Extracted information:
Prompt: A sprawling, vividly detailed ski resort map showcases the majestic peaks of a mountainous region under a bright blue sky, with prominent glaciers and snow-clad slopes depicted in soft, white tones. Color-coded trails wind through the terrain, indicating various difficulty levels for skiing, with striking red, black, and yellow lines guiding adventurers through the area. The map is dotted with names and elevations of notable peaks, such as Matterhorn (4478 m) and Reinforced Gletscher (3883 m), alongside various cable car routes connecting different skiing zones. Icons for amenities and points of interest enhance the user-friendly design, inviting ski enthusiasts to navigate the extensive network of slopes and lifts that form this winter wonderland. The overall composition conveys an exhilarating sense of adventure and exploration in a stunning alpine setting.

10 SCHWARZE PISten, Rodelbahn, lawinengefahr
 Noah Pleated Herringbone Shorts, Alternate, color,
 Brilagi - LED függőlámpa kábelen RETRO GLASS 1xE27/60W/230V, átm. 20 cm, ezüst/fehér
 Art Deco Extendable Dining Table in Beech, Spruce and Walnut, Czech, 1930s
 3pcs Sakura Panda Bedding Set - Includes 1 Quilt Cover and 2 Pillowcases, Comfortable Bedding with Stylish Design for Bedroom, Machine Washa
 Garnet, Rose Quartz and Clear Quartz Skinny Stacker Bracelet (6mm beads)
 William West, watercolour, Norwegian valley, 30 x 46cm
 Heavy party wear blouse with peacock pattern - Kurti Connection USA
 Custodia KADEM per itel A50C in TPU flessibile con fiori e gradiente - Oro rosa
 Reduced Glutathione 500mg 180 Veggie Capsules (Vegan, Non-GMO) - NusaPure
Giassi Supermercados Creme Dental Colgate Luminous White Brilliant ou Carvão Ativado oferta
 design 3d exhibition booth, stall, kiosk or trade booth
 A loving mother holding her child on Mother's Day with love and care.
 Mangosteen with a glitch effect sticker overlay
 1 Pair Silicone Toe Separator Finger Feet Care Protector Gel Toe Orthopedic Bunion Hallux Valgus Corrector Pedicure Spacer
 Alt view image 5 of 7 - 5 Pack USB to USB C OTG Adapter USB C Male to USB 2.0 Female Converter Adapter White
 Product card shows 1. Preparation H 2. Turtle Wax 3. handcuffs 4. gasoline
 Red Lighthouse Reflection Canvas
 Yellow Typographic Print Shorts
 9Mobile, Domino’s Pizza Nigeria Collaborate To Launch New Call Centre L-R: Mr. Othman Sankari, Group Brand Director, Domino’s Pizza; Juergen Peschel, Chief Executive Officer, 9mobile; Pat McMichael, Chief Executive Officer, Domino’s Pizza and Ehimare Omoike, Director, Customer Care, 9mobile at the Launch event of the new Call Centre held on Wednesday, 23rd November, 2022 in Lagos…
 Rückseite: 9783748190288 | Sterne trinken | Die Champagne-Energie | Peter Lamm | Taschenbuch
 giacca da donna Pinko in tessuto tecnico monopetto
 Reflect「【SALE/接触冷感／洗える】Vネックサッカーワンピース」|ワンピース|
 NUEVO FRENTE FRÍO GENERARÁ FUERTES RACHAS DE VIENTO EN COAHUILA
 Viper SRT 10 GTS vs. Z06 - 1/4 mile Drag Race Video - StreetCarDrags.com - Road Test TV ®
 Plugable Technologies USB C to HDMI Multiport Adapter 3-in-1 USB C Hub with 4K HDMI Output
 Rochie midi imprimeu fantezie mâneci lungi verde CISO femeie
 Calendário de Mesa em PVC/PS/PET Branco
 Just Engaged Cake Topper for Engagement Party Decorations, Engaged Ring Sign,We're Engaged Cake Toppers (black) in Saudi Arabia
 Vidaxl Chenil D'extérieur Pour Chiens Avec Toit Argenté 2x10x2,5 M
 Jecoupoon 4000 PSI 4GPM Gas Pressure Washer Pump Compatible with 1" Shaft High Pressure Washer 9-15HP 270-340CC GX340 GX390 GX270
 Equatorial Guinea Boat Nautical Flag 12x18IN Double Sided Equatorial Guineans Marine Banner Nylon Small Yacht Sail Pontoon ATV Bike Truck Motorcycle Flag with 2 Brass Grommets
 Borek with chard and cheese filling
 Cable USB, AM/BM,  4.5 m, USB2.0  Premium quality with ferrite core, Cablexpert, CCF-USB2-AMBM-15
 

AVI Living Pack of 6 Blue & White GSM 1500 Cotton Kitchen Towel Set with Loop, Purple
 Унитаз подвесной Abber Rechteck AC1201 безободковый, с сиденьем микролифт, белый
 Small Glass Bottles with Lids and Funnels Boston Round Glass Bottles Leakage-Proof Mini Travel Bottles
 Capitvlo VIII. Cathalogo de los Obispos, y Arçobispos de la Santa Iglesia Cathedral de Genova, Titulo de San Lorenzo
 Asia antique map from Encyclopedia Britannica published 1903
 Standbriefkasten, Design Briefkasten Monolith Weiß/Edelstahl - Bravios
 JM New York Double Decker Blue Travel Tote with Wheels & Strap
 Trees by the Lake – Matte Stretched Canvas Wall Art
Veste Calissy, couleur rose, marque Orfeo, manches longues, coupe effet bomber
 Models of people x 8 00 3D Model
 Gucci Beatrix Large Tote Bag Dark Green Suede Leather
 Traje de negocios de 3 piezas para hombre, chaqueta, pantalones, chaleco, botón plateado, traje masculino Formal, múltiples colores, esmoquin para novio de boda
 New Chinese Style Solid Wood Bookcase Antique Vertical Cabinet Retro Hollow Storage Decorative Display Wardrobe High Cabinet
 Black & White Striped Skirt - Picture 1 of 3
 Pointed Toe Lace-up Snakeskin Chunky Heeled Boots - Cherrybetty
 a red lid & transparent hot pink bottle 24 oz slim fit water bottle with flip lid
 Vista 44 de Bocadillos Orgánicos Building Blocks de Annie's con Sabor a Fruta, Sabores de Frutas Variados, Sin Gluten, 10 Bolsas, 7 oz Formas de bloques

Task description: Look back at the data above. Transcribe exactly the lines starting at the line that contains "Capitvlo VIII. Cathalogo" and ending at the line that contains "Gucci Beatrix Large".

Solution for this problem:
 Capitvlo VIII. Cathalogo de los Obispos, y Arçobispos de la Santa Iglesia Cathedral de Genova, Titulo de San Lorenzo
 Asia antique map from Encyclopedia Britannica published 1903
 Standbriefkasten, Design Briefkasten Monolith Weiß/Edelstahl - Bravios
 JM New York Double Decker Blue Travel Tote with Wheels & Strap
 Trees by the Lake – Matte Stretched Canvas Wall Art
Veste Calissy, couleur rose, marque Orfeo, manches longues, coupe effet bomber
 Models of people x 8 00 3D Model
 Gucci Beatrix Large Tote Bag Dark Green Suede Leather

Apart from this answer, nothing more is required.